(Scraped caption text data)
####################

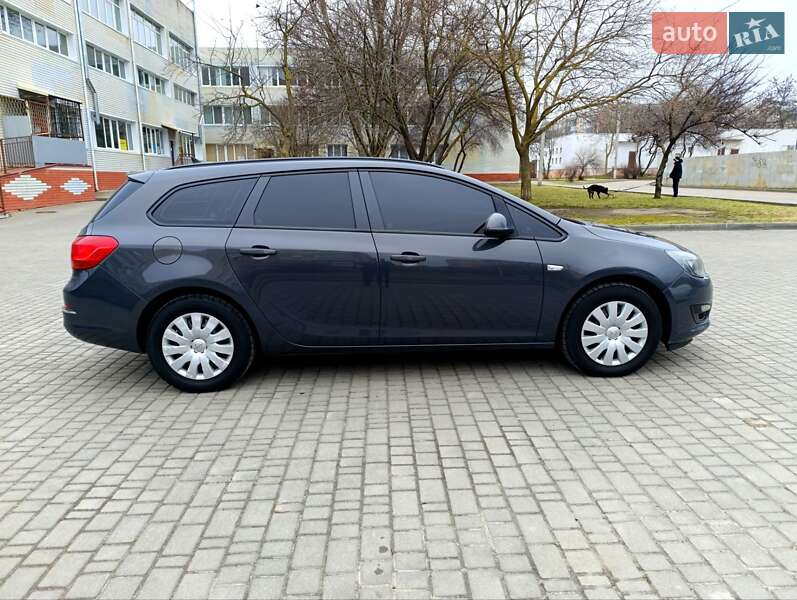 Opel Astra 2015
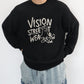 Ghost jacquard knit / ゴーストジャガードニット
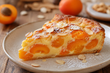 Clafoutis aux abricots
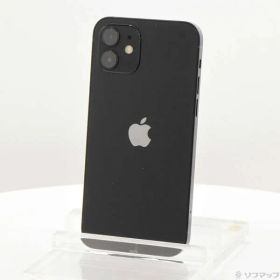 ソフマップ 〔中古品〕 iPhone12 64GB ブラック MGHN3J／A SIMフリー【258】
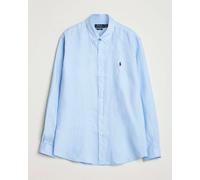 POLO RALPH LAUREN Leinenhemd Custom Fit hellblau | XL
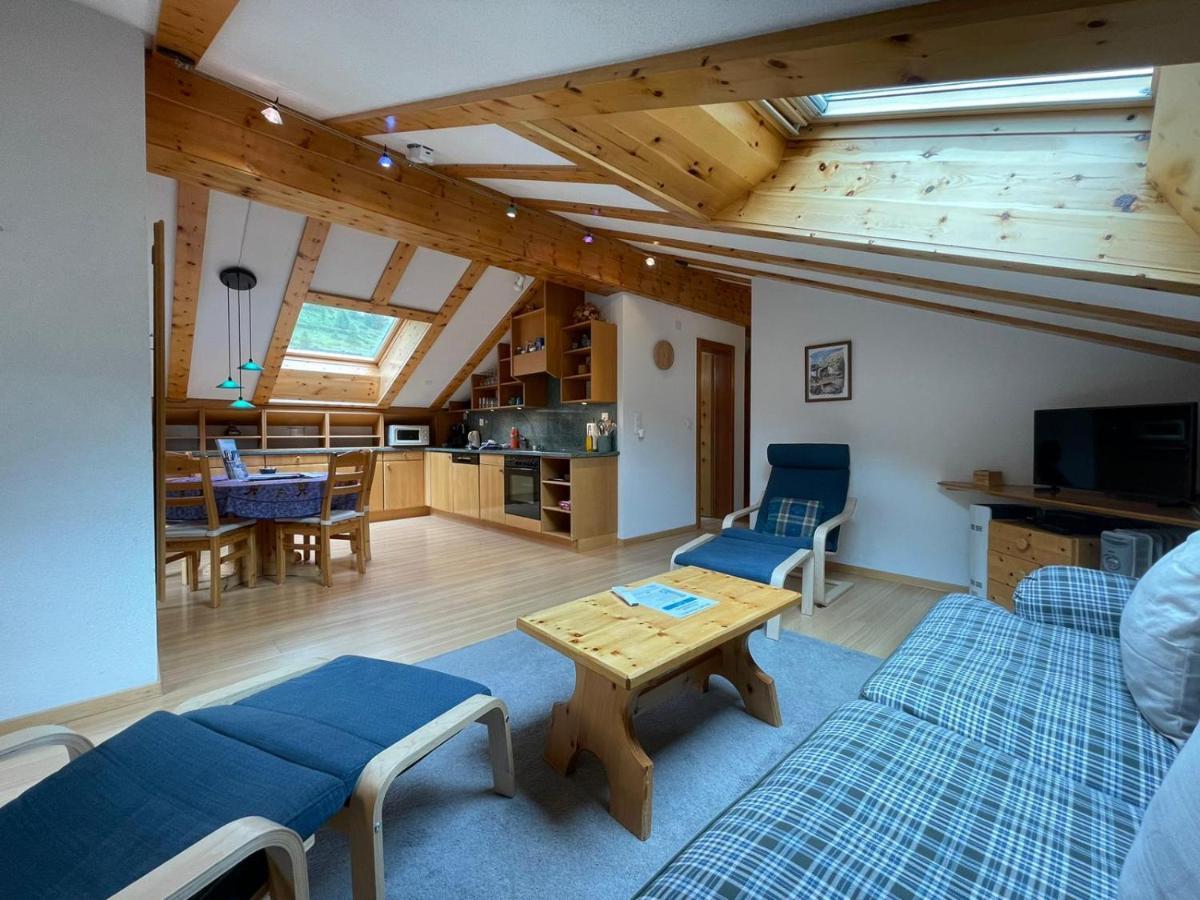 Dent Blanche Leilighet Zermatt Eksteriør bilde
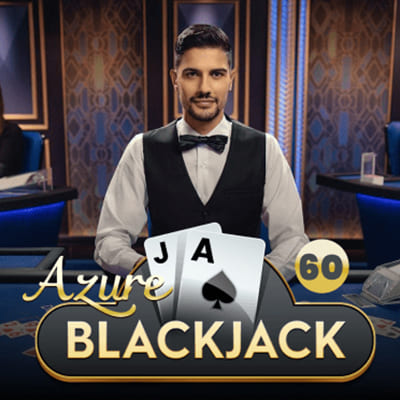 Blackjack 60 - Azure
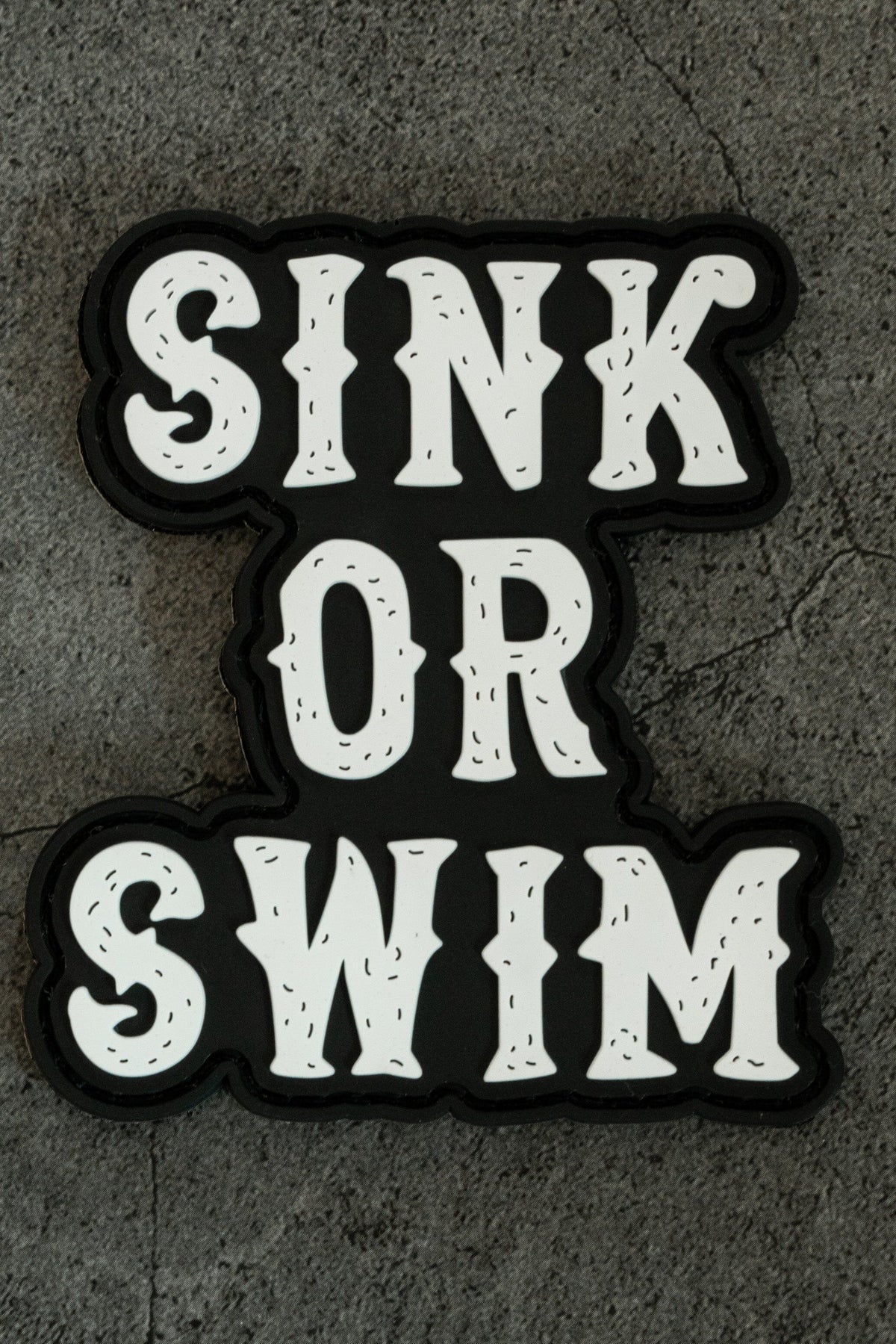 Sink or Swim B/W PVC Patch | | Wiccan Center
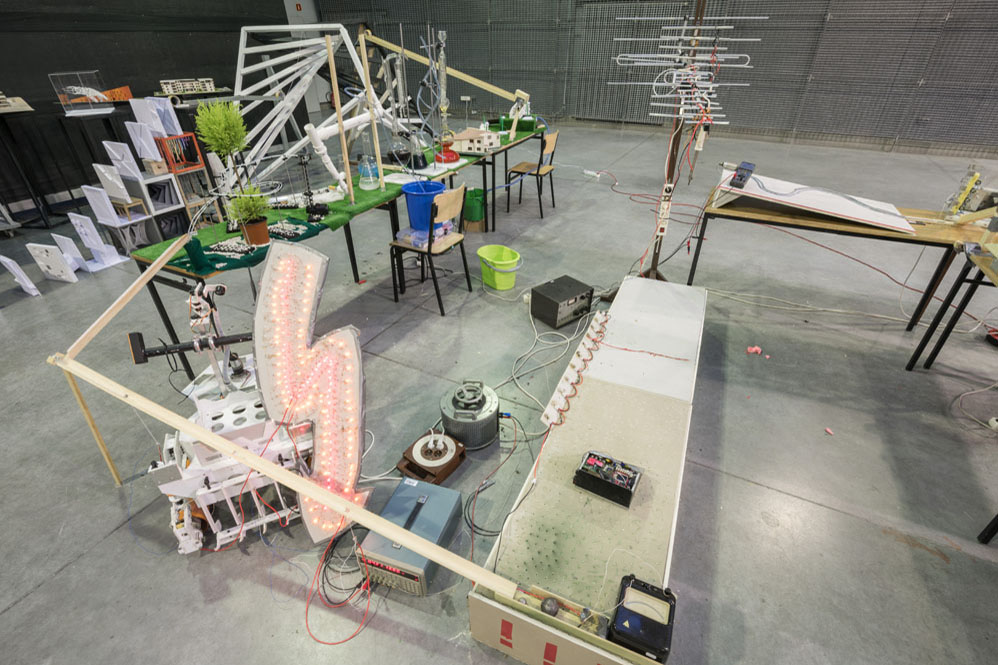 Można zdobyć indeks na Politechnikę Białostocką – trzeba tylko zbudować niezwykłą maszynę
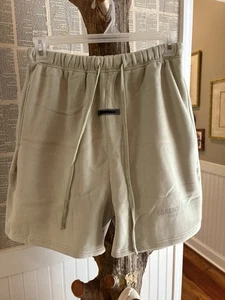 Pantalones Cortos Essentials Fear Of God Talla M Blanco 100% Auténticos - Imagen 1 de 5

####################

What is needed: Each line from the one bearing "Sink or Swim B/W PVC Patch | | Wiccan Center" through the final line of the records is to be copied exactly, and no pictures are to be included.

Response box:
 Sink or Swim B/W PVC Patch | | Wiccan Center
 Można zdobyć indeks na Politechnikę Białostocką – trzeba tylko zbudować niezwykłą maszynę
 Pantalones Cortos Essentials Fear Of God Talla M Blanco 100% Auténticos - Imagen 1 de 5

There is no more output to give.